Diving or snorkeling with seals (or sea lions) is one of the most thrilling underwater experiences of all. There are numerous species all over the planet, and many of them are quite curious about people. For the cold-water lovers, diving with the leopard seal, Antarctica’s apex predator, is one of the ocean’s most unique experiences. For those who favor warmer waters, Baja California is famous for the sea lions that congregate there in the hundreds. Whatever your preference or location, there’s a seal or sea lion encounter waiting for you. Here are our picks for the top places to dive with seals.
Baja California, Mexico
About 45 minutes by boat from La Paz, Los Islotes is home to a colony of California sea lions. These photogenic animals spend their day sunbathing on the rocky outcroppings. Visitors can see other marine species on the journey to the colony as well, such as humpback and gray whales. During the summer, the tranquil, warm waters feature lots of young pups that are extremely jovial and interactive with visitors. While the sea lions can get extremely close to snorkelers or divers, even nipping their fins, the shallow-water outings are nonetheless safe and suitable for all ages and abilities.
Rated one of the top 10 wildlife experiences in the world by Lonely Planet, snorkeling with seals on New Zealand’s South Island means lots of interaction with the inquisitive New Zealand fur seal. You’ll head out in small groups of only two to six people on an intimate tour that runs from October to May. The tours usually last around 2.5 hours and companies will typically provide appropriate exposure protection.
Ross Sea, Antarctica
By far the most expensive of all the encounters, Antarctica and its leopard seals are also the most impressive. These apex predators are highly intelligent and fascinated by humans. They often play with their food, usually penguins and, to the mixed emotions of onlookers, offer their prize to the snorkelers. Flanked by colossal icebergs and amazing polar wildlife, many high-end travel companies offer dive expeditions to Antarctica, where the water temperature is barely above or at freezing.
In the cold waters (46 F or 8 C) of northeast England, the Farne Islands provide a home to thousands of grey seals and, in the winter months, their pups.
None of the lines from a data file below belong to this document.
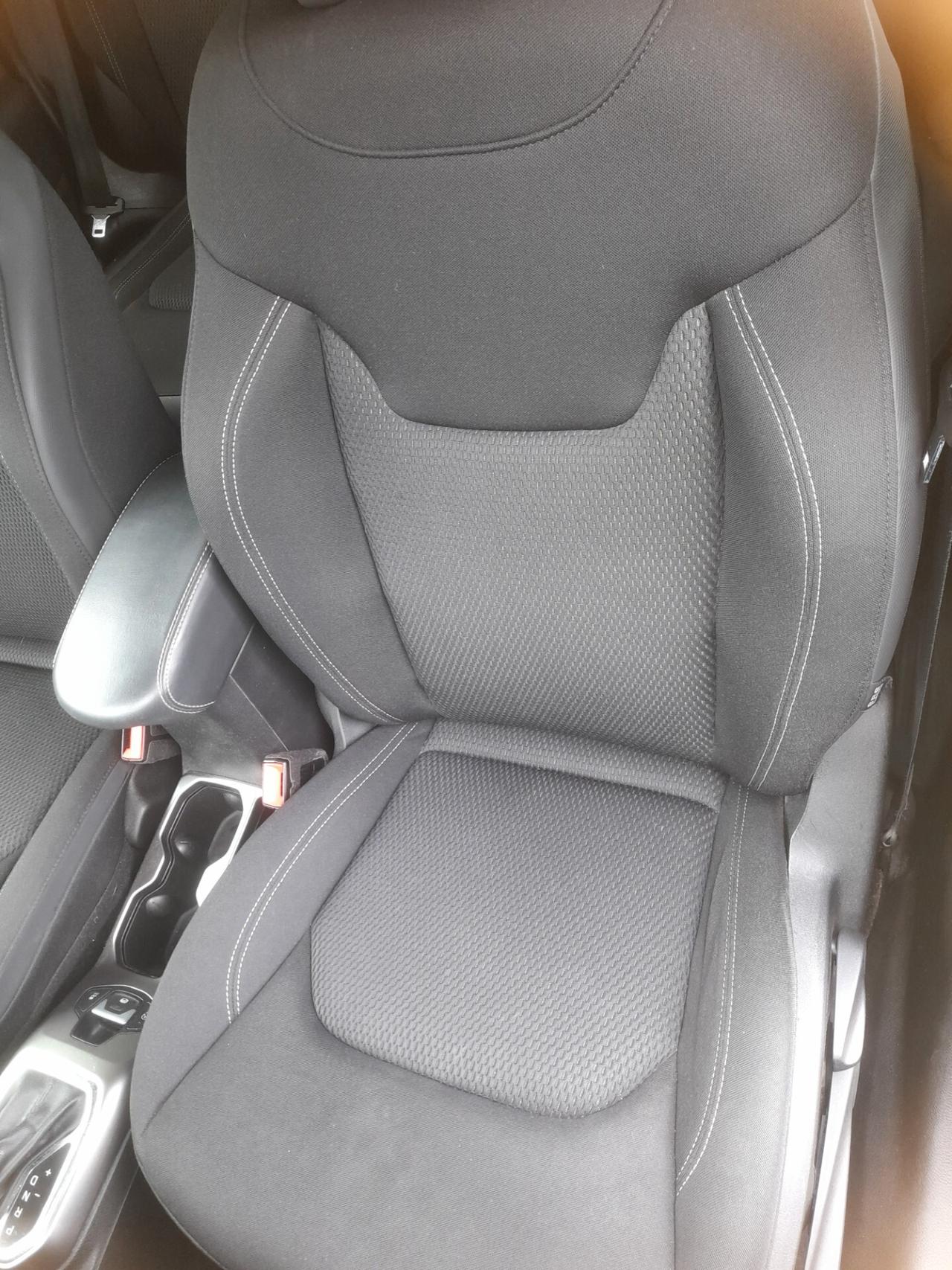 Jeep Renegade 1.4 140 cv Limited GPL automatica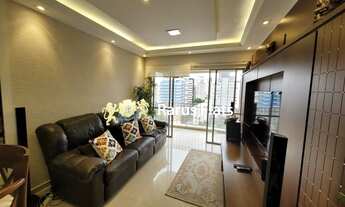 Imagem 4: Flat para locação no Itaim Bibi - Edifício Saint James - Cód. NYX05034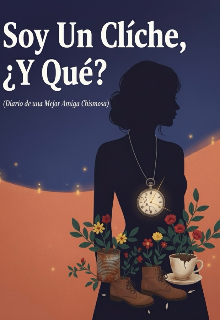 Soy Un Cliché, ¿y Qué? (diario de una Mejor Amiga Chismosa)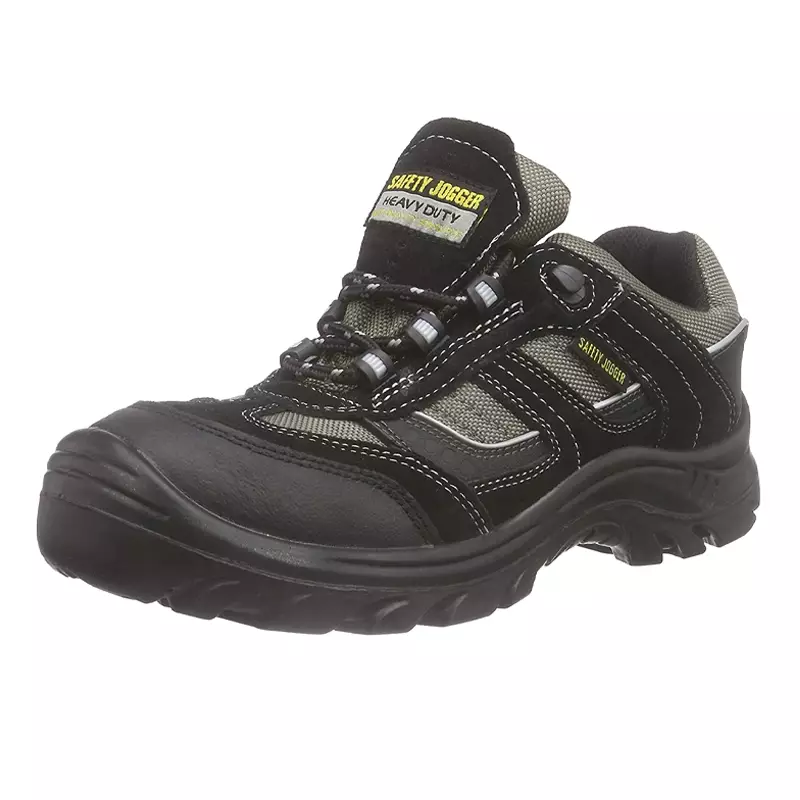 Chaussure de jogging de sécurité Jumper S3 à lacets bas, pointure 39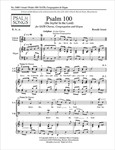 Psalm 100
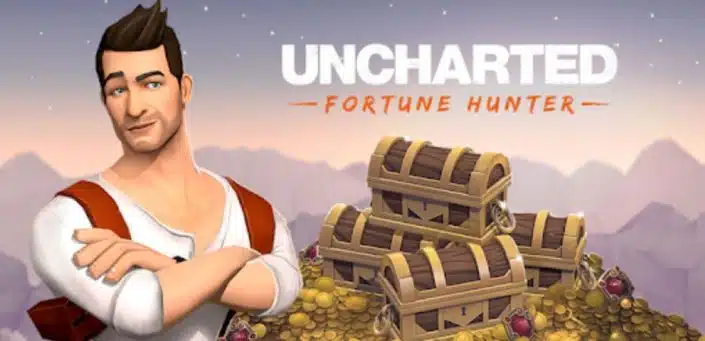 Uncharted Fortune Hunter: Mobile-App wurde eingestellt
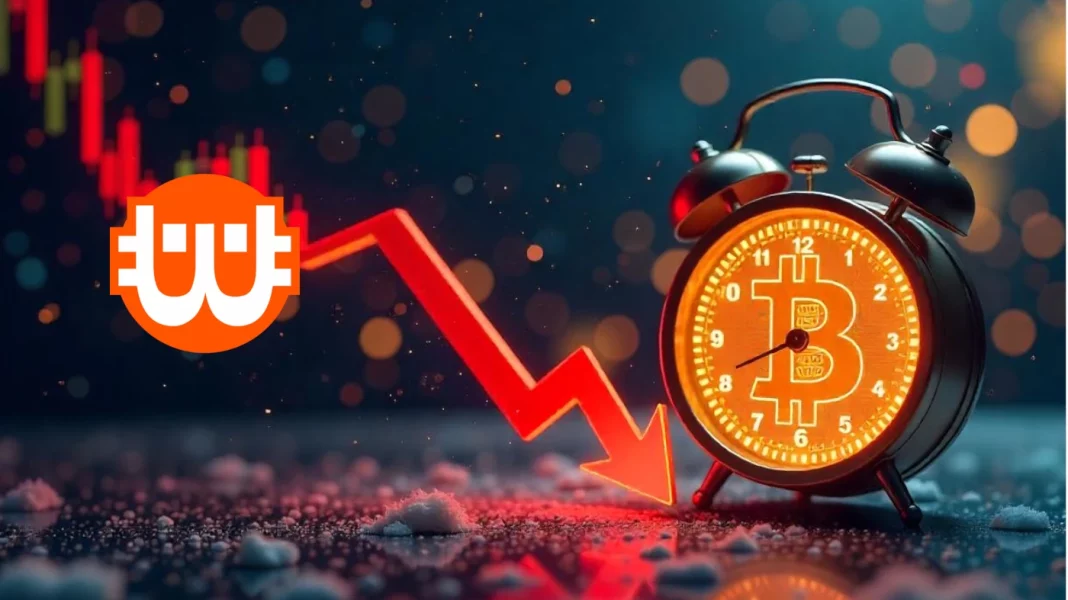 bitcoin dominancia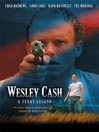Wesley Cash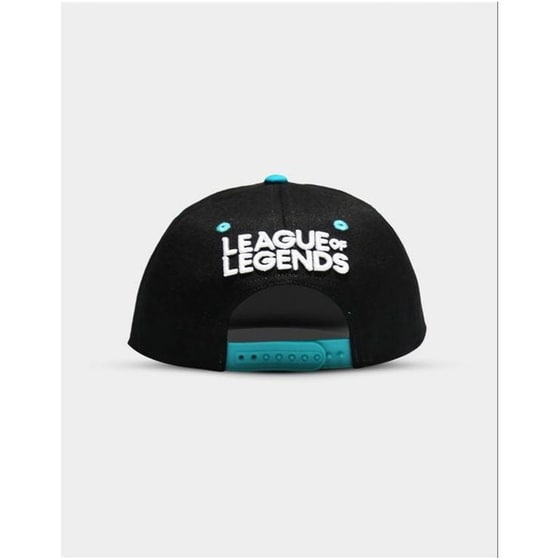 Καπέλο Difuzed League of Legends - Core Snapback image 1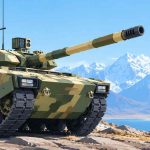 Tata Advanced Systems Wins ₹20,000 Crore Project Zorawar Light Tank Contract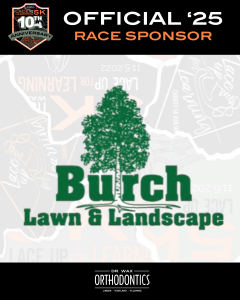 Sponsor Logo for Burch Lawn & Landscape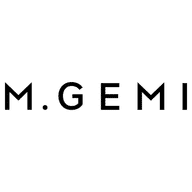 M.Gemi logo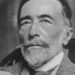 Inauguracja programu stypendialnego Joseph Conrad Fellowship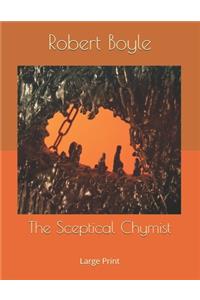 The Sceptical Chymist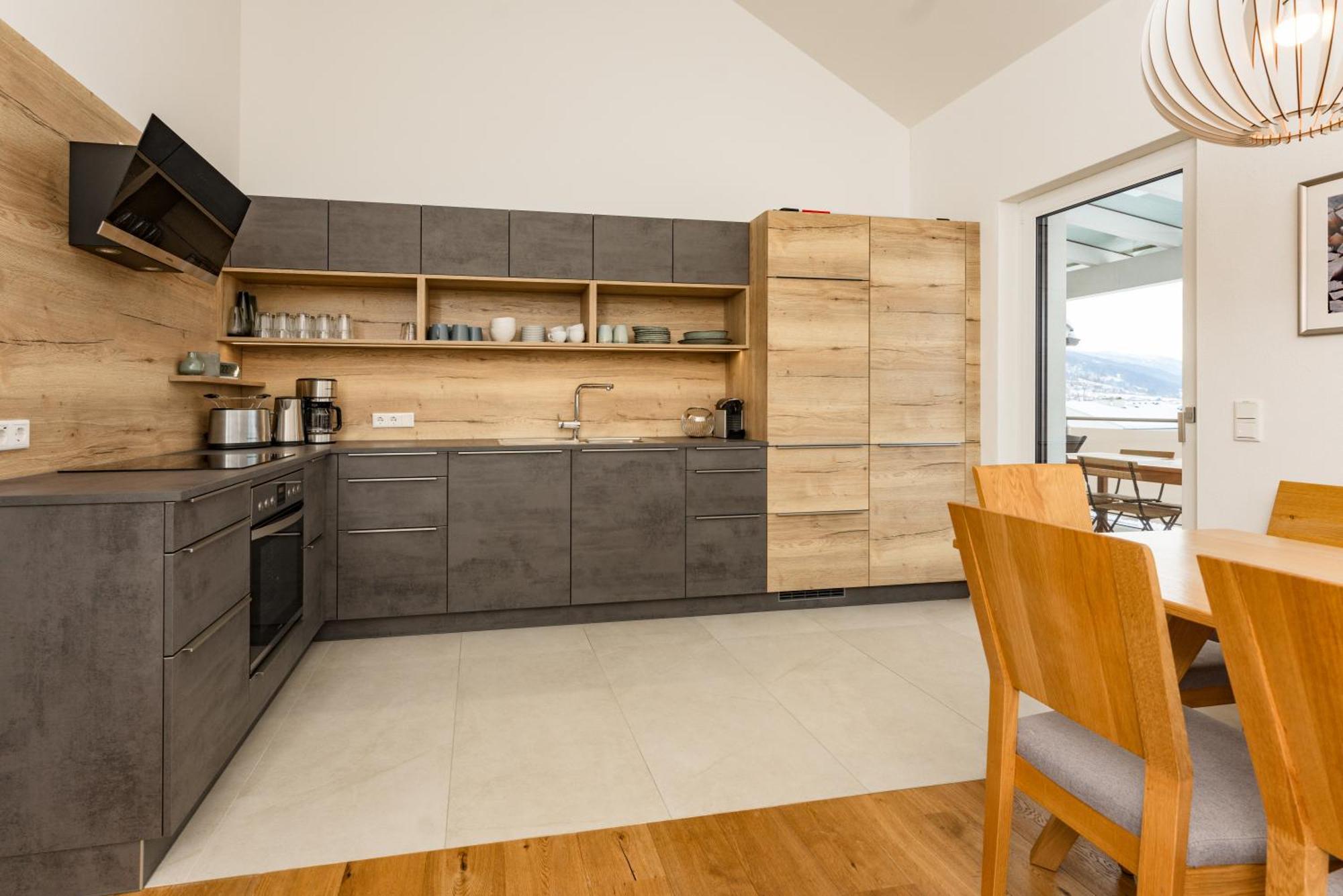 The Nest In Aich By Schladming-Appartements מראה חיצוני תמונה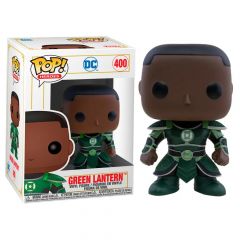 POP! Heroes: DC Imperial Palace - Green Lantern #400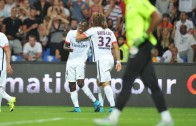 คลิปไฮไลท์ลีกเอิง มงต์เปลลิเย่ร์ 0-1 เปแอสเช Montpellier 0-1 Paris Saint Germain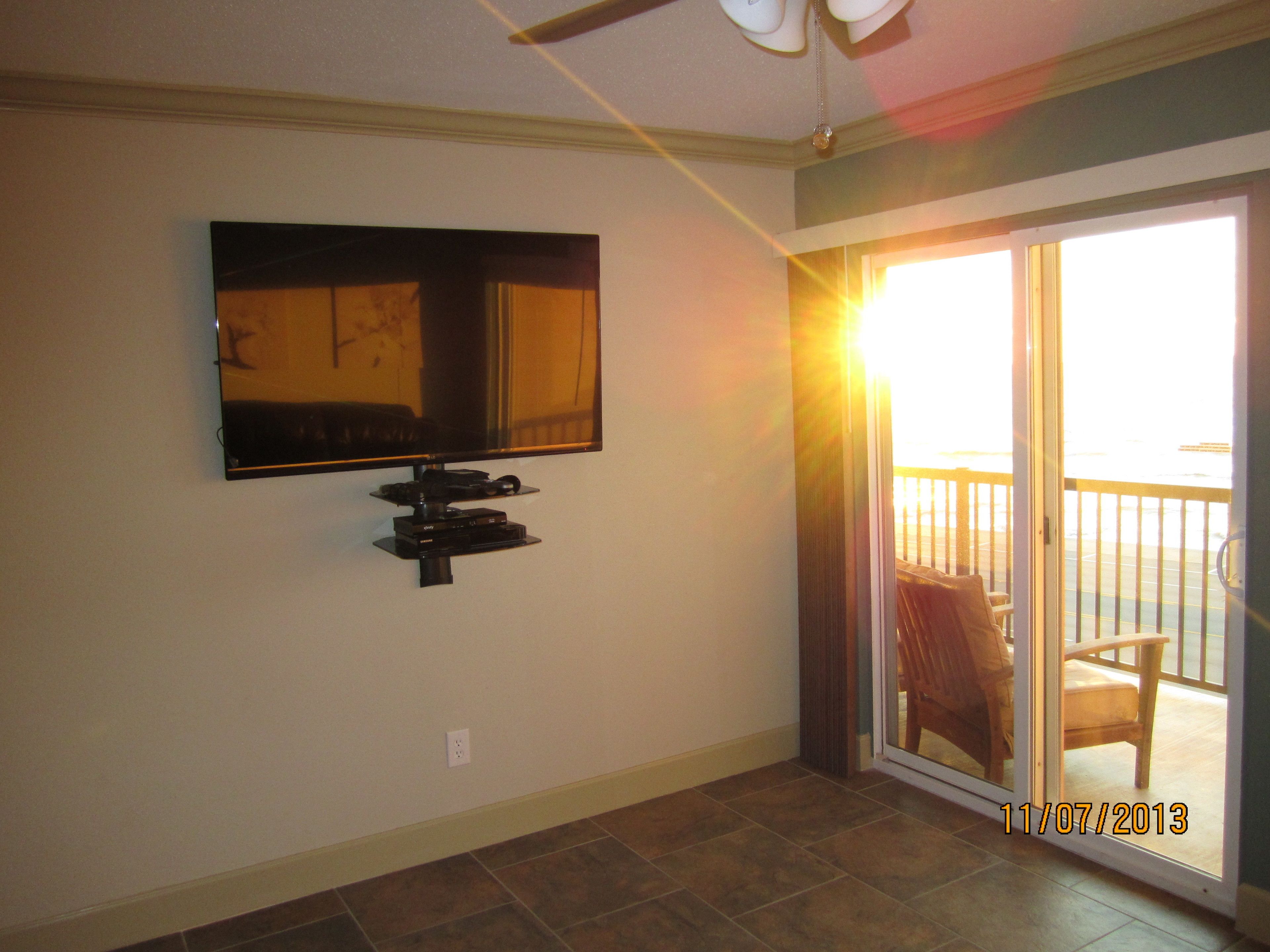 Galveston Beach Condos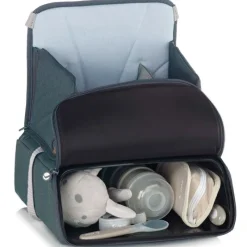 Trona Sobresilla Convertible en bolso Seat Seal*JANE Online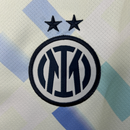 Camisa Inter Milan II 25/26 Torcedor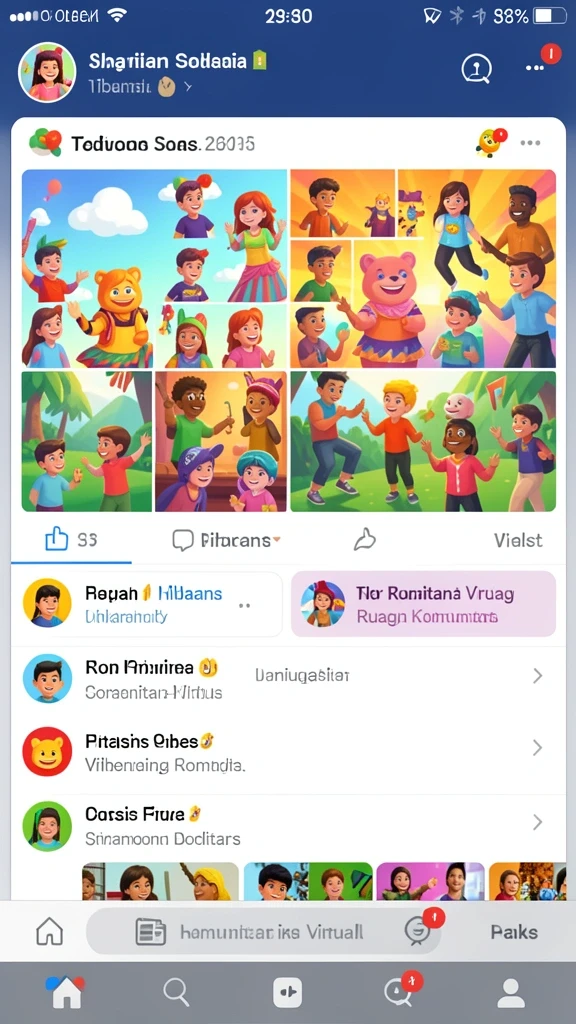 Screenshot afktoto nomor 1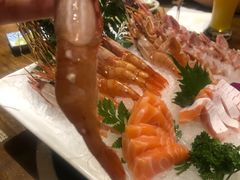 -蟹将军·松叶蟹和牛日料放题自助(K11店)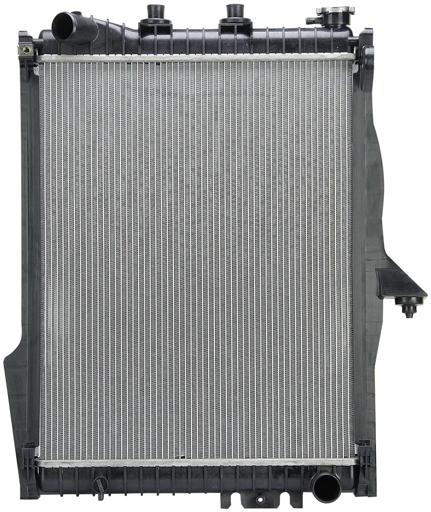 Spectra Premium - SPECU2738 - CU2738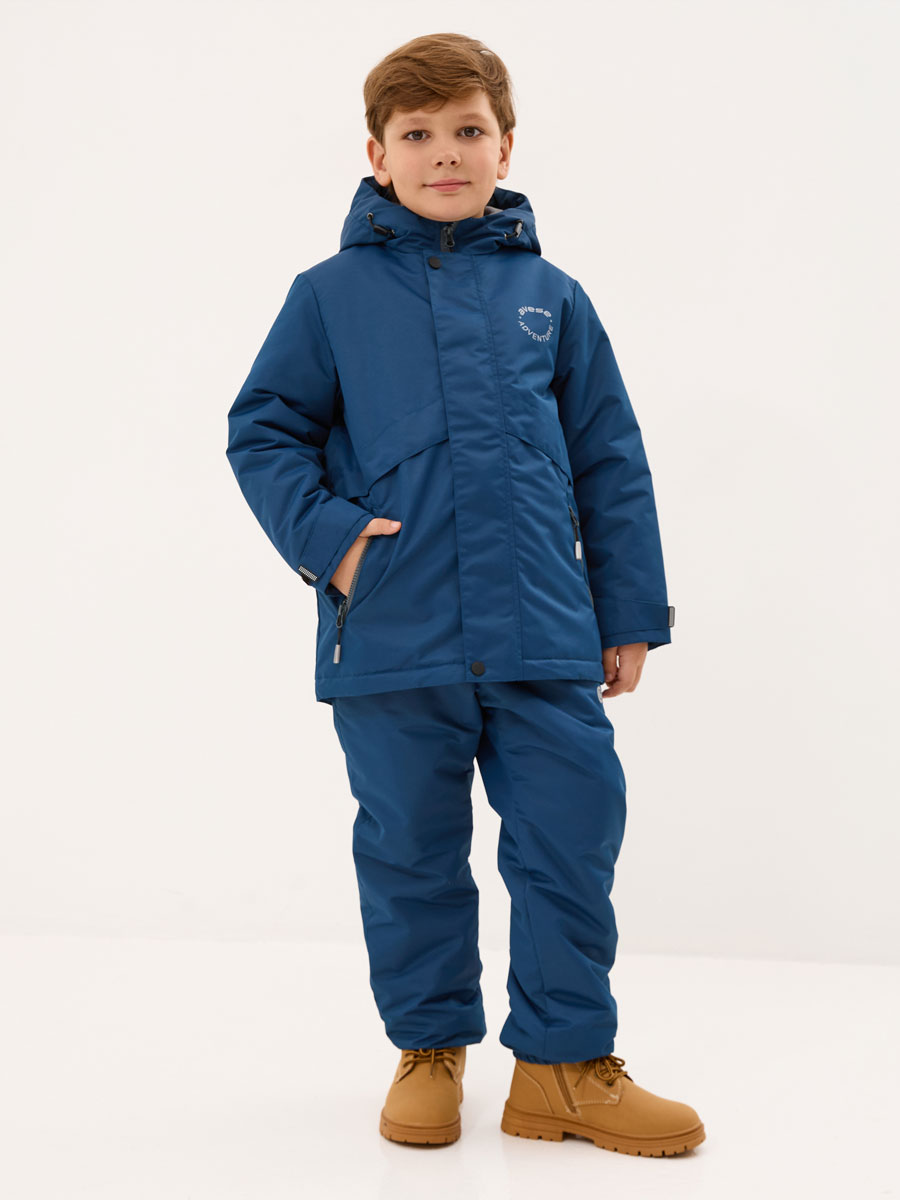 Костюм демисезонный 25712-504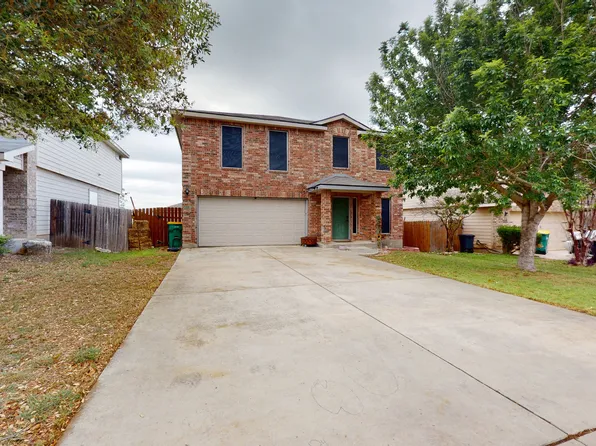 9018 Granberry Pass, Universal City, TX 78148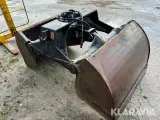 Grab Hofer PZG500S - 3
You’ll want to don a drysuit before splashing in to explore the shallow canyons and gullies, home to giant sea stars, kelp beds, cod and diving guillemots. Nothing prepares you for you for that moment that you bump into a sleeping seal, however, while another chews on your fins.
In a country known for its plethora of shark species, it’s no surprise that divers can see Cape fur seals, the prime target for white sharks, by the thousands in the sheltered area of False Bay. In the dense kelp forests, broadnose sevengill sharks patrol the shallow waters, yet the Cape fur seals are the real masters here, spiraling and pirouetting, sending trails of bubbles behind. If you go, expect seal congregations of up to 50 at one time. Cape waters are cold but dive-able year-round; you’ll want at least a 7mm wetsuit.
Every winter off Hornby Island, British Columbia, divers bundle up to dive with Steller sea lions. Reaching numbers up to 100 strong, these raucous creatures zip back and forth, their 10-foot (3 m) bodies are an impressive sight. Although these large animals can reach speeds of up to 30 knots, the sea lions are not dangerous. They are, however, playful. They’ve got a reputation for nibbling the odd camera or dive fin, so hold tight to your gear. Many area dive operators conduct safe and knowledgeable tours, and divers often see other creatures as well. Keep your eyes peeled for wolf eels, octopus and giant marine crustaceans.